Lo interesante de los años 80 es que el extremismo de los ámbitos del hardcore y el thrash metal era una reacción a algo, a una frustración, a unos valores no aceptados, a una cultura impuesta, a una música percibida como poco interesante y manipulada por los medios, mientras que ahora, lo extremo, en vez de una respuesta, es una suerte de tradición. Y un extremista sonoro debería preguntarse si toda esta tradición extrema no será en realidad un escollo que debiera de hacer saltar por los aires para llegar más lejos.
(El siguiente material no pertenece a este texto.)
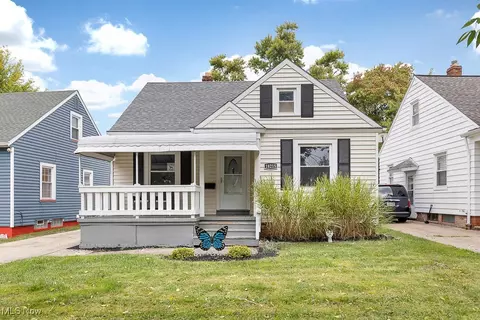 18215 Mapleboro Ave, Maple Heights, OH 44137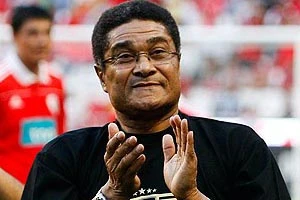 Futbol efsanesi Eusebio hayatını kaybetti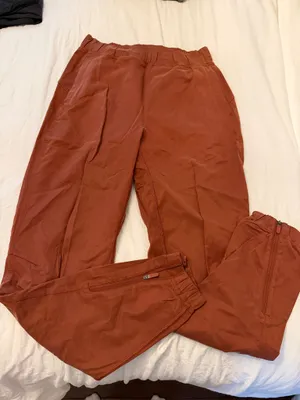 Lululemon Joggers thumbnail 1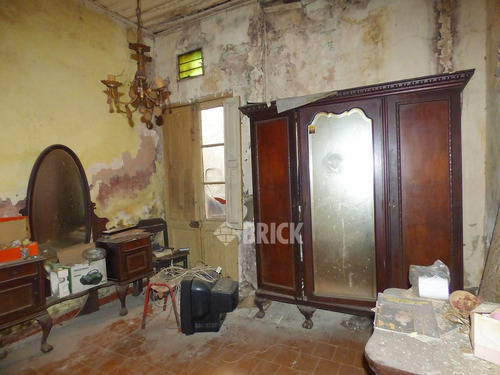 (a Reciclar) Casa En Lote De 8.66x16 Mts - 110 M2 Cub Patio C/parrilla Comedor Diario - Barracas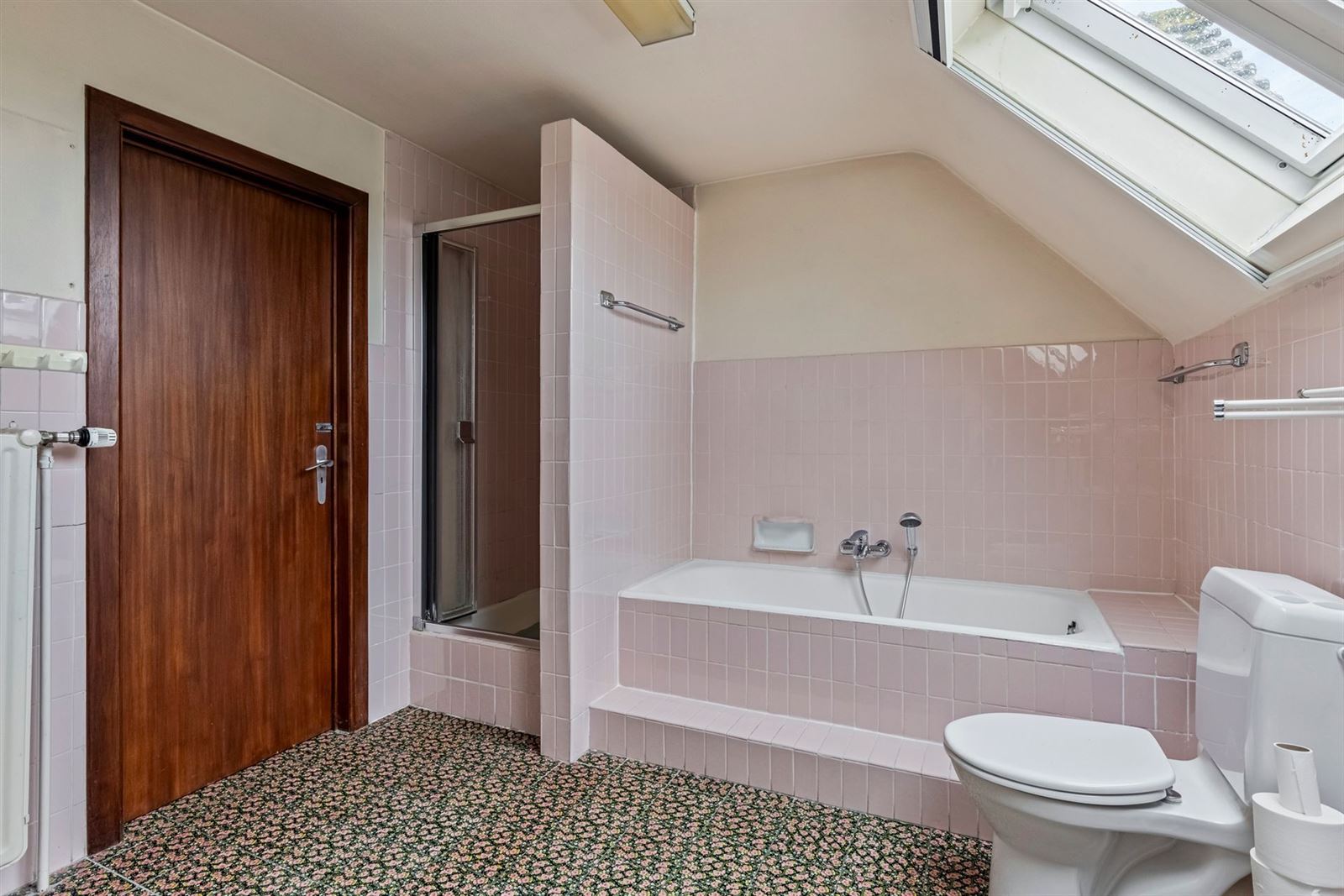FOTO’S 20 : Woning te 1750 SINT-MARTENS-LENNIK (België) - Prijs € 699.000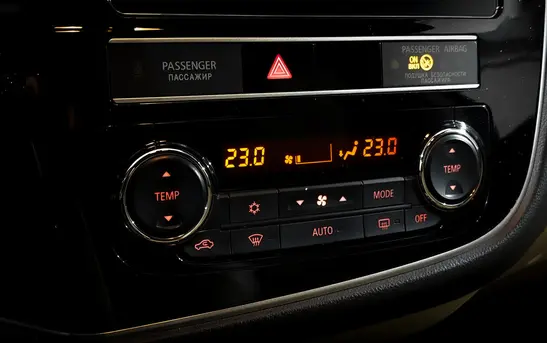 Mitsubishi Outlander 2.40 Вариатор, фото №1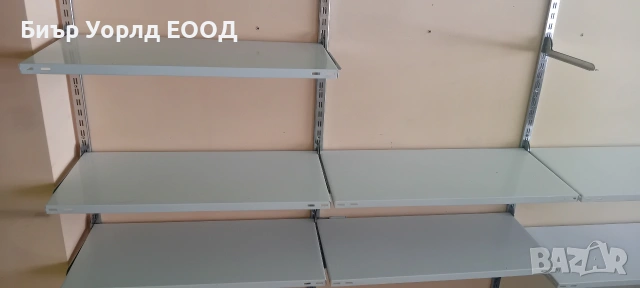 Метални рафтове за стена в магазин или в склад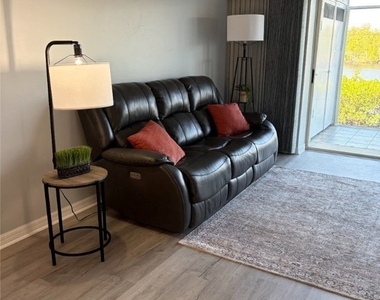 1315 Mainsail Drive - Photo Thumbnail 3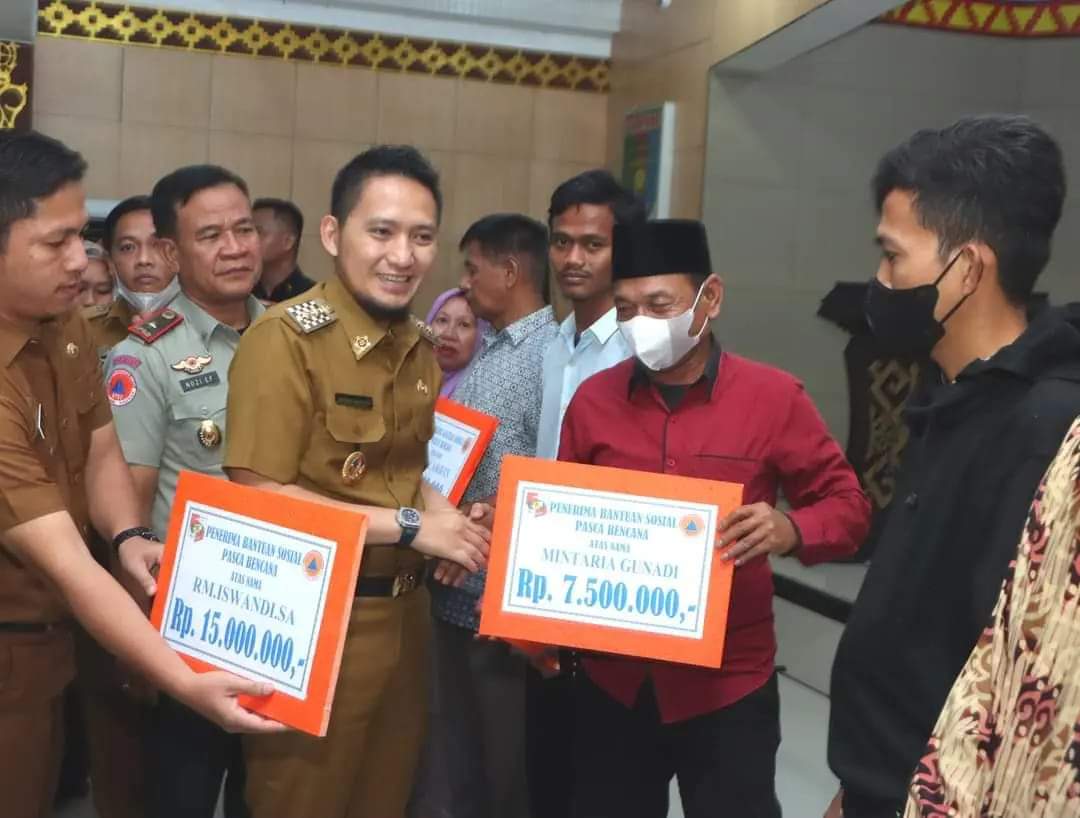 18 KK Tertimpa Bencana Terima Bantuan dari Pemkab Lampura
Así que, por todas estas razones, creo que en este momento la búsqueda de lo más extremo resulta un tanto pueril. Usé la cita de Lee Dorrian porque me gusta mucho leer sus entrevistas, me parece un tipo muy sabio, y creo que sabe perfectamente que en el ámbito del metal, lo extremo es una fórmula desde hace mucho tiempo, un lugar seguro, por paradójico que esto parezca. En el hardcore punk la escalada de violencia sonora no es tan relevante en sí misma y no existe ese regocijo metalhead por ser más duro que nadie. Por eso creo que ser extremista porque sí no tiene valor, y por eso incluí esa otra cita de Penny Rimbaud al comienzo del libro. A veces se tiende a pensar que lo extremo es inconformista, pero luego se ven situaciones paradójicas, como seguidores del metal extremo que se llevan las manos a la cabeza y huyen despavoridos cuando escuchan harsh noise u otro tipo de música industrial o electrónica, porque resulta demasiado extremo para sus oídos extremos. A veces se ponen peros a grupos extremos porque no cumplen todos los cánones extremos y hay algún elemento al que el público no está acostumbrado, y no digamos ya nada de cuando se introducen contenidos políticos en la música, algo que hicieron los grupos punk, hardcore, thrash metal o grindcore en su época, y que hoy parece poner nervioso a más de uno. Lo cierto es que para ser extremista es necesario consumir otros tipos de música, además de la música extrema con la que uno se siente cómodo. Creo que los caminos divergentes de Mick Harris y Napalm Death son un claro ejemplo de esto. Con Scorn, Harris tuvo una evolución sorprendente y apasionante, mientras que Napalm Death adoptaron una fórmula y ahí se quedaron, con pequeñas transgresiones controladas.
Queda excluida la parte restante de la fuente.